- Born: April 16, 1928 United States
- Died: February 19, 2004 (aged 75) Manhattan, New York City, New York, U.S.
- Occupations: Writer, editor, author
- Spouse(s): Greta Markson ​(divorced)​ Joanna Simon ​(m. 1976)​
- Children: 1
- Writing career
- Language: English
- Genres: Fiction, journalism
- Notable work: Cruising

= Gerald Walker (writer) =

US magazine editor and writer (1928–2004)

Gerald Robert Walker (April 16, 1928 – February 19, 2004) was an American magazine editor for The New York Times Magazine who was known for writing the 1970 novel Cruising, which was adapted into the controversial 1980 film of the same name directed by William Friedkin and starring Al Pacino.

==Biography==
Walker was born on April 16, 1928. He graduated from New York University and earned a Master of Fine Arts in theatre at Columbia University.
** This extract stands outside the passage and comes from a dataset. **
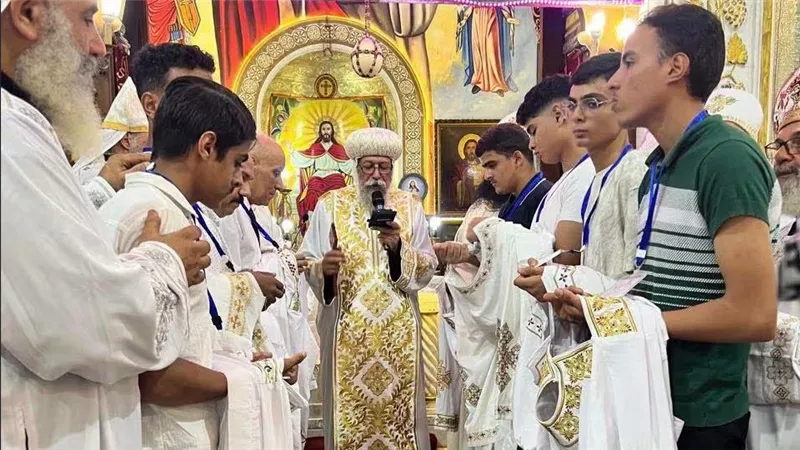 سيامة شمامسة جدد وتدشين مذابح في إيبارشيتي حلوان والمعصرة والبحيرة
Walker worked as an articles editor for The New York Times Magazine from 1963 to 1990. Walker also compiled an annual anthology titled Best Magazine Articles from 1965 to 1967. At the time of his death, Walker was completing a mystery novel titled Witnesses.

Walker was married to Greta Markson, with whom he had a son, David, but their marriage ended in divorce. From 1976 to the time of his death, Walker was married to Joanna Simon.

On February 19, 2004, Walker died of stroke complications at New York Presbyterian Hospital in Manhattan.